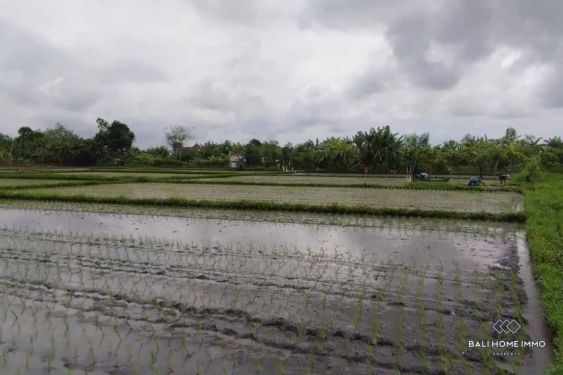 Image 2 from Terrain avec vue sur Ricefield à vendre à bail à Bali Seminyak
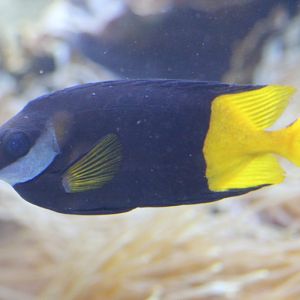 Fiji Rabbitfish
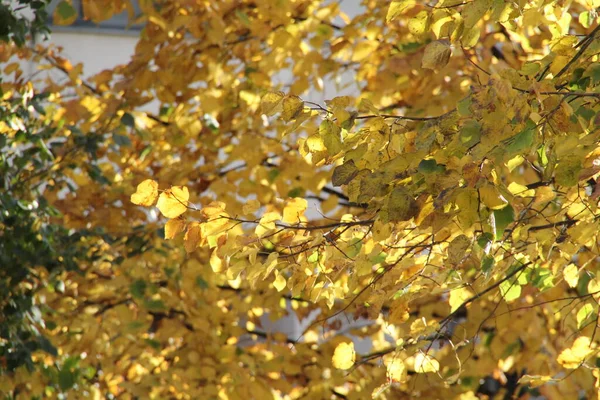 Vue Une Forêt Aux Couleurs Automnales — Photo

_WORK INSTRUCTION:_
Set down all of the material above exactly as written, leaving the pictures out.

_EXERCISE RESPONSE:_
 Image 2 from Terrain avec vue sur Ricefield à vendre à bail à Bali Seminyak
 Fiji Rabbitfish
 Vue Une Forêt Aux Couleurs Automnales — Photo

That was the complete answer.